15 Ocak 2006 Pazar

| Fortis yalnızca Dışbank’ı değil, bizi de satın aldı

Yurtdışı seyahatleri, makine ve ekipman alışverişleri, pazarlıklar, inşaat faaliyetleri derken fabrika kurulur ve işletmeye hazır hale gelir. Üretim başlar. Pazara yeni girmişsin; distribütöre, toptancıya, bakkala, markete, zincir mağazalara ürününü nasıl kabul ettireceksin? “Benim ürünüm çok kaliteli.” Rakibininki de öyle, bunu geçelim. Başka? “Liste fiyatından %20 indirim yaparım.” Başka? “Vadeyi 30 gün daha uzatalım.” Daha, daha! Böyle uzayıp gider. Pazarda ayakta kalma, kurulan tesisi işletebilme kaygı ve çabalarıyla yıllar geçer.

Örneğin, fabrikayı kurmak için 15 milyon dolar yatırılır. Bir iki milyon dolar da işletme sermayesi olarak ayrılır. Özkaynaklarla krediler arasında hesap kitap… Ürünle ilgili nasıl bir talep yaratılacağı konusunda hiçbir çalışma yapılmaz, hiçbir kaynak ayrılmaz. Prof. Dr. İsmail Kaya’nın MQ: Pazarlama Zekası başlıklı yazısını burada tekrar anmak gerekir.

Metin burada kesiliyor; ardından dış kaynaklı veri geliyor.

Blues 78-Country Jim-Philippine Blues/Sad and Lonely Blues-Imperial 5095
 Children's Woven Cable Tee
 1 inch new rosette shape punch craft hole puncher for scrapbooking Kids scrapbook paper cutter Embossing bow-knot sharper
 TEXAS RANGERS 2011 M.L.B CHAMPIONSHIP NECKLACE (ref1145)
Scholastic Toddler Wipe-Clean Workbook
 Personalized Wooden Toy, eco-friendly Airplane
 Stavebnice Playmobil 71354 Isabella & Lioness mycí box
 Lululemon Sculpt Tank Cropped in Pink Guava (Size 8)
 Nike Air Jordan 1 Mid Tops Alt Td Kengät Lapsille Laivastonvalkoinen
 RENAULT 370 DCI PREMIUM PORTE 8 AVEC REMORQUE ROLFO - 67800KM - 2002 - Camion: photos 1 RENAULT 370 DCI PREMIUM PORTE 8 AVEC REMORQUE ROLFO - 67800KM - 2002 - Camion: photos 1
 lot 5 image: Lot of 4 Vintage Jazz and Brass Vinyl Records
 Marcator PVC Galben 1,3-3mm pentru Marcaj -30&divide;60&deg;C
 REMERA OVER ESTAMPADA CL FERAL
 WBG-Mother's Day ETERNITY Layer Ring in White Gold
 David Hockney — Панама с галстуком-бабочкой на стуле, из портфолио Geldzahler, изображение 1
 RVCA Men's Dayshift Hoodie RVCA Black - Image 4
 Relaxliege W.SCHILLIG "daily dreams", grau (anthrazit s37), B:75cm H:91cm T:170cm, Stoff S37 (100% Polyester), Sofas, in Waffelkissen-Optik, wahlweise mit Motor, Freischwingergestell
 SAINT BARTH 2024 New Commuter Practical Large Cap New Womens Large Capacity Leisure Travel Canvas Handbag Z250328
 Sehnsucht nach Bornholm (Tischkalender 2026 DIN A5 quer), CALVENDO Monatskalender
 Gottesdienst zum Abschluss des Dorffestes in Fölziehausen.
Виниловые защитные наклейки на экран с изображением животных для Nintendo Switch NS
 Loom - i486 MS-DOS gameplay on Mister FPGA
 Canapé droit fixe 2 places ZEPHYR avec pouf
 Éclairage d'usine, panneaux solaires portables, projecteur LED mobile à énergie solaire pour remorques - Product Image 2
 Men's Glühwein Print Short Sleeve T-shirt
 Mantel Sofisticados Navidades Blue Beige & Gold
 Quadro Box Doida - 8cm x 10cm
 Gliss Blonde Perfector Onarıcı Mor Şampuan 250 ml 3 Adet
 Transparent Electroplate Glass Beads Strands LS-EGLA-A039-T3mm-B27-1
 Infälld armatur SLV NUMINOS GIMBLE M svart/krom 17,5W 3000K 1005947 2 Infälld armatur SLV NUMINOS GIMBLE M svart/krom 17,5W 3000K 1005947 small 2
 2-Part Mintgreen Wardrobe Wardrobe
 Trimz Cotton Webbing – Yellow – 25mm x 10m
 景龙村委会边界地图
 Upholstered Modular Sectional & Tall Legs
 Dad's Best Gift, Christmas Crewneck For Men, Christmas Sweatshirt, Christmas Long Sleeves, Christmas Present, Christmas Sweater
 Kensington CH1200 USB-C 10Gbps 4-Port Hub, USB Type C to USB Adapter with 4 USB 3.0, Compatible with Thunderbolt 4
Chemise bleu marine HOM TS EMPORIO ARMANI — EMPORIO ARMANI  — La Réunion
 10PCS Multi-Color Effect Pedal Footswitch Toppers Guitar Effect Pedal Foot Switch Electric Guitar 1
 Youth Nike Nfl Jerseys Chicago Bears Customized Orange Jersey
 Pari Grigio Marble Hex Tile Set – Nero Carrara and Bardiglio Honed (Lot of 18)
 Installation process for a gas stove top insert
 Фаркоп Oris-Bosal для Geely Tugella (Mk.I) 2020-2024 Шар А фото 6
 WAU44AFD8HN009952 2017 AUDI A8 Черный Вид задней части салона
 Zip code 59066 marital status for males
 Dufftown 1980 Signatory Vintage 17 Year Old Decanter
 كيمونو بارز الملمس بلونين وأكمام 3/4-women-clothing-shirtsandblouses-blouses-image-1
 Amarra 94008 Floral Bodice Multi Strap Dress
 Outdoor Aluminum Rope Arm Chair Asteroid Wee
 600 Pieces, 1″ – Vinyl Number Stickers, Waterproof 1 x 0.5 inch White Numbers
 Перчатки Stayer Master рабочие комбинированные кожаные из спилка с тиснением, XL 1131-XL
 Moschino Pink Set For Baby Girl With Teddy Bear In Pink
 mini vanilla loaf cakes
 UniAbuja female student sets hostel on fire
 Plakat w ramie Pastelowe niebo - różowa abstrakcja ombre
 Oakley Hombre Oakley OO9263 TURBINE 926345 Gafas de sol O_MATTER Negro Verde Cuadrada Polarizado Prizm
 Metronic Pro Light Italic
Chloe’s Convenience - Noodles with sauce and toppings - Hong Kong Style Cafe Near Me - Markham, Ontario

Bana göre ürün/markayla ilgili ilk iletişim kaynağı, işletme sermayesi değil, yatırım sermayesi içinde değerlendirilmelidir.


Fortis’e gelince… Gazetelerde çıkan haberlere göre Fortis, Dışbank’ın %89.3’lük hissesine 985 milyon Euro ödedi. Herkes “Ya, bu Fortis ne kadar reklam yapıyor?” diye şaşkınlıkla soruyor. Fortis, bu ölçekteki bir satın alma meblağı arasında diyelim 10 milyon Euro’yu iletişime ayırmış, çok mu? Pazarlık aşamasında bunun birkaç katının bile tek kalemde silinebileceği oranda bir meblağ.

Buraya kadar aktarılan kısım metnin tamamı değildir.